自1964年雷诺兹诉西姆斯案以来,联邦法院一直是选举法的最终仲裁者。需要说明的是,摩尔诉哈珀案不会改变这一点。需要说明的是:第一条第4节第1款的几种可能解释之一是,如果州法院的裁决明显超出了合理的解释,并强加了立法机构没有考虑到的规则,那么它们可能被视为违宪。如果摩尔案也走这条路,未来的联邦法院将被迫区分哪些解释是合理的,哪些是不合理的——有点像雪佛龙案下的行政法。
州议会通过的州选举法和政治版图的司法审查有多重要?
相当重要,作为系统制衡的一部分。每次选举前,两党都会挑战选举法中对自己不利的方面,每隔10年,在重新划分选区后,就会有一连串的诉讼。

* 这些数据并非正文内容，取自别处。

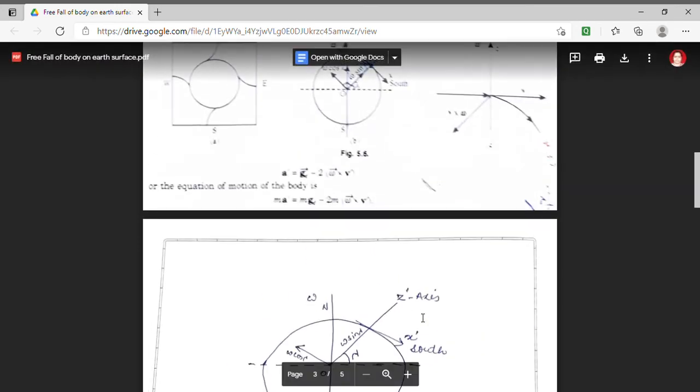We have derived that MA dash equals MG_e minus 2M omega cross V dash. A dash is the acceleration in the rotating frame and MA dash is the force acting in the rotating frame. Velocity is a vector, so I have substituted V dash in components as: I dash X dot prime, J prime Y dot prime, K prime Z dot prime. From the diagram, we can find the values of omega_x dash, omega_y dash, and omega_z dash.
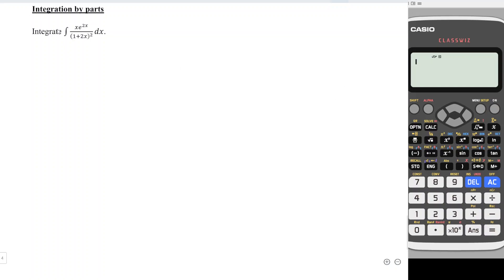Hello, it is awesome! Today I would like to share how to integrate this function. As we can see, if we differentiate 1 plus 2x, we are not able to obtain x or e to the power 2x. So if we differentiate the numerator part, we are not able to obtain the denominator part. This means that when we integrate by parts, we will simply split the numerator and the denominator.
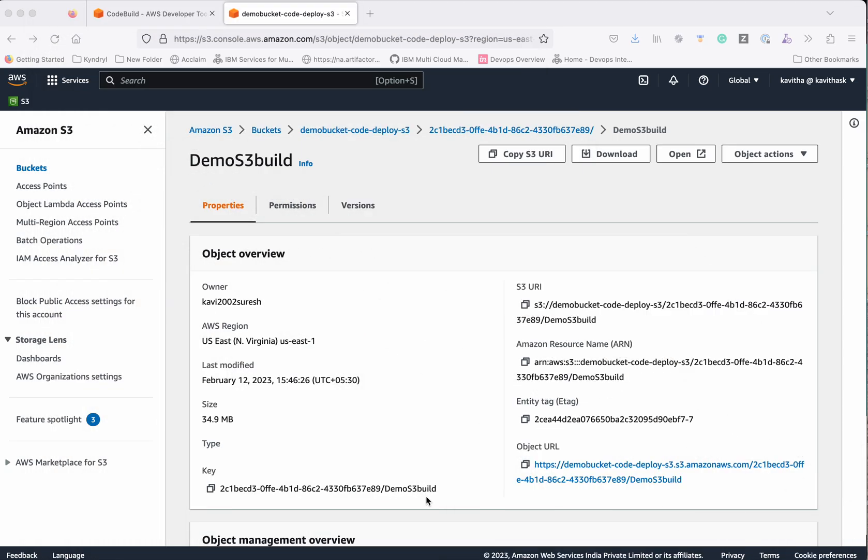In this demo we have seen how to create an S3 bucket and then create a build project with artifacts configured. When the build is triggered, the build artifacts are pushed to the S3 bucket. We have validated the content of the zip file by downloading the artifact from the S3 bucket. Thanks for watching the demo.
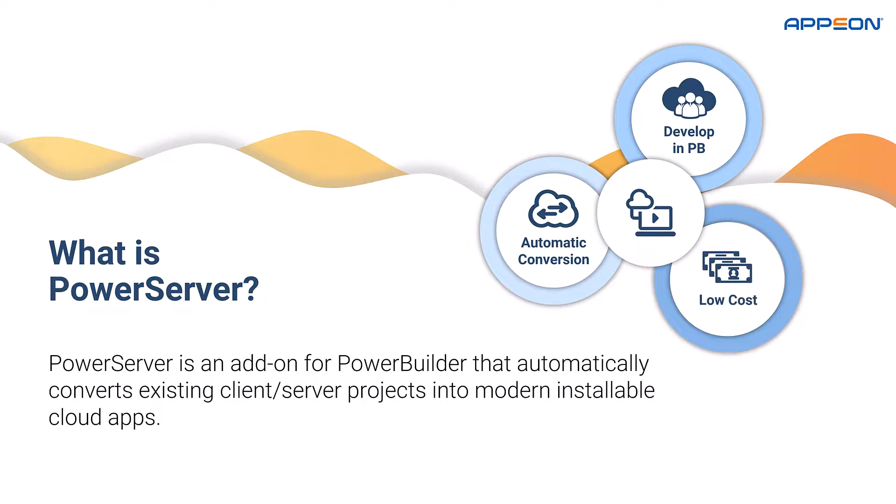And low cost. Completing a cloud conversion typically requires just weeks of work, and its highly scalable architecture requires minimal hardware.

关于摩尔案,令人担忧的是,双方都主张赋予州政府的一个部门基本上无限的权力:一方授权给州法院,另一方授权给州立法机构。在我看来,宪法的最佳解读是将选举法的权力划分给两者,赋予州立法机构制定法律的唯一权力,但要受到普通州和联邦宪法的约束。
12月7日的口头辩论有什么让你惊讶的地方吗?
没有什么专业。令我感到惊讶的是,一些法官似乎没有意识到,在18世纪,行政否决权在本质上被视为立法,这就是为什么它位于第一条而不是第二条。这就是为什么在摩尔一案中,州长可以毫无争议地否决州选举法,包括选区地图。
迈克尔·w·麦康奈尔,斯坦福大学法学院理查德和弗朗西斯·马勒里教授、宪法中心主任,胡佛研究所高级研究员。从2002年到2009年,他担任美国第十巡回上诉法院的巡回法官。
注:本文由院校官方新闻直译,仅供参考,不代表指南者留学态度观点。